Please give back only the lines below from the one containing "Кожаные кроссовки Emporio Armani, черный" to the one containing "Get Your Markers Ready! – 40oz Travel Mug 🖍☕", each repeated word for word, both ends included.
======== DATASET EXTRACT
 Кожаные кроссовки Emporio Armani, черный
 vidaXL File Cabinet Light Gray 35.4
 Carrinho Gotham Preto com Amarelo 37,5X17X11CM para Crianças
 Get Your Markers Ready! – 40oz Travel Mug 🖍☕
================
======== DATASET EXTRACT
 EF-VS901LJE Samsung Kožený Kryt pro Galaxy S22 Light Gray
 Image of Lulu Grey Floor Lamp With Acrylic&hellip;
================
======== DATASET EXTRACT
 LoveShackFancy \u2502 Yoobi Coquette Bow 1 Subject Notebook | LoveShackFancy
================
# EXERCISE ANSWER
 Кожаные кроссовки Emporio Armani, черный
 vidaXL File Cabinet Light Gray 35.4
 Carrinho Gotham Preto com Amarelo 37,5X17X11CM para Crianças
 Get Your Markers Ready! – 40oz Travel Mug 🖍☕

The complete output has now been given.